Scientific Variables Ontology (SVO)
SVO has separate vocabularies for Variables, Properties and observed Phenomena.
Current entries are documented (with #) at the namespaces http://geoscienceontology.org/svo/svl/variable, http://geoscienceontology.org/svo/svl/property, and http://geoscienceontology.org/svo/svl/phenomenon, respectively.
Raw ttl and rdf files can be obtained with curl (instructions) or via browser at, e.g. http://geoscienceontology.org/svo/svl/variable/1.0.0/svo-lower-variable.ttl (or .rdf), http://geoscienceontology.org/svo/svl/variable/1.0.0/svo-lower-property.ttl, etc.
Thanks @mariutzica !
Check out draft proposals for updates to the Variables discussion in Dataset.md
Discussion of problem, recommendations, and open issues
These are all DRAFTs for discussion, but try to present some concrete recommendations to evaluate.
@mariutzica, those are good links to see more of SVO. For use in variableMeasured/PropertyValue/propertyID URI, what I think we need is a URI that will dereference at least to an html page explaining the variable, e.g. http://registry2.it.csiro.au/def/property/nitrate_concentration http://purl.obolibrary.org/obo/ENVO_3100022.
The SVO variables have URIs that are fragment identifiers in a big html page, e.g. http://www.geoscienceontology.org/svo/svl/property/1.0.0/#hydraulic_conductivity.
Ideally there should be a way to dereference the URI to get an rdf representation of the variable description.
@smrgeoinfo @kaiiam @mpsaloha I just read over the draft proposed updates to the Variables section, and overall they look great. I did flag one thing, which was the intended usage for minValue
and maxValue
. Here's the current text:
minValue. If the value for the variable is numeric, this is the minimum value that occurs in the dataset. Not useful for other value types. maxValue. If the value for the variable is numeric, this is the maximum value that occurs in the dataset. Not useful for other value types.
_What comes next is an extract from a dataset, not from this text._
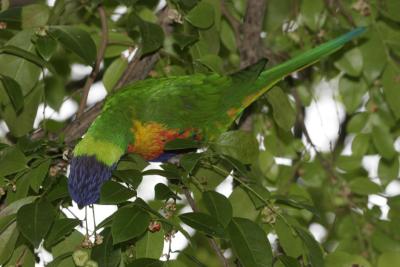 rosella098.jpg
That basically uses min and max to list the range of the values in the dataset. While I suppose that might be useful for discovery use cases, for data interpretation, I think an expression of the domain/bounds would be more useful. In that case, we'd be asking for the min and max allowable values for the variable, even if those values are not in the data set per se. This is useful for proper interpretation and quality assessment (e.g., do any observed values fall outside of the domain). For example, for a tree diameter, which is a length, the allowed bounds might be minValue > 0
. I'm not sure if this fits in the spirit of the schema:minValue
definition, which is quite general. Maybe the domain min and max would be in addition to the range expression? Also, some domain expressions would be hard to express with just a numeric value -- we need comparison operators too, such as '>= 0' as well as ways of indicating, e.g., number types (e.g., "positive integers" or "all real numbers -10.0 <=x <= 10.0"). Any thoughts on the utility of a domain expression versus a range expression?
Great question. One the one hand, constraining valid values on the data type, on the other a description of the actual values in a data instance. I can imagine use cases for either kind of attribute. Needs some thought. Do we need to enable both?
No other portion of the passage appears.